Work request | Your response should consist solely of the lines from the one containing "Раковина BelBagno BB1420" through the end of the data, copied exactly.

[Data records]
+ + + + +

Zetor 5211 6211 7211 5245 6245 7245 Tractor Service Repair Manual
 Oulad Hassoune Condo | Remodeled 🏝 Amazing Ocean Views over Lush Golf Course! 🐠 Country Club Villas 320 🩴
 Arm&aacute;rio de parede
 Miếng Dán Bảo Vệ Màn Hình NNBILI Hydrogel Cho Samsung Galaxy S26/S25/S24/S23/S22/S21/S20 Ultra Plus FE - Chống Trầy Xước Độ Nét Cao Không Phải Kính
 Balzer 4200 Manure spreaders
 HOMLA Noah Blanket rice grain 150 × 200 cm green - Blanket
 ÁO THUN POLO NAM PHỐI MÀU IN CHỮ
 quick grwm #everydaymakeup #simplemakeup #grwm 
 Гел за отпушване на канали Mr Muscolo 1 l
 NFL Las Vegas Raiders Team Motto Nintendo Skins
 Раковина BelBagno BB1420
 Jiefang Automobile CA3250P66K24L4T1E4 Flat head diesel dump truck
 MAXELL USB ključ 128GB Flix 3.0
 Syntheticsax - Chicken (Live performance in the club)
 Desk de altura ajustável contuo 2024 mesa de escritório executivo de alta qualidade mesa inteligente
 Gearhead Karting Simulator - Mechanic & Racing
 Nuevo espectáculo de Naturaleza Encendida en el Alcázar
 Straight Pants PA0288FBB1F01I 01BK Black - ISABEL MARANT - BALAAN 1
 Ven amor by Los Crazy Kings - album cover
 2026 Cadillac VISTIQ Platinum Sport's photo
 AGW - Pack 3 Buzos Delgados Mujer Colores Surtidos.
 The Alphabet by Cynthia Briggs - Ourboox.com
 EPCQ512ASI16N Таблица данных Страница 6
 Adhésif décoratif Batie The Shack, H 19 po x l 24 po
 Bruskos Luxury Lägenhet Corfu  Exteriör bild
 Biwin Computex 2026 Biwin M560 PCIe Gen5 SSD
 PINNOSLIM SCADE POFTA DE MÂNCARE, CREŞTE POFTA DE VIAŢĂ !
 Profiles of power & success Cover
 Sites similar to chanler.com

+ + + + +

Task response |
 Раковина BelBagno BB1420
 Jiefang Automobile CA3250P66K24L4T1E4 Flat head diesel dump truck
 MAXELL USB ključ 128GB Flix 3.0
 Syntheticsax - Chicken (Live performance in the club)
 Desk de altura ajustável contuo 2024 mesa de escritório executivo de alta qualidade mesa inteligente
 Gearhead Karting Simulator - Mechanic & Racing
 Nuevo espectáculo de Naturaleza Encendida en el Alcázar
 Straight Pants PA0288FBB1F01I 01BK Black - ISABEL MARANT - BALAAN 1
 Ven amor by Los Crazy Kings - album cover
 2026 Cadillac VISTIQ Platinum Sport's photo
 AGW - Pack 3 Buzos Delgados Mujer Colores Surtidos.
 The Alphabet by Cynthia Briggs - Ourboox.com
 EPCQ512ASI16N Таблица данных Страница 6
 Adhésif décoratif Batie The Shack, H 19 po x l 24 po
 Bruskos Luxury Lägenhet Corfu  Exteriör bild
 Biwin Computex 2026 Biwin M560 PCIe Gen5 SSD
 PINNOSLIM SCADE POFTA DE MÂNCARE, CREŞTE POFTA DE VIAŢĂ !
 Profiles of power & success Cover
 Sites similar to chanler.com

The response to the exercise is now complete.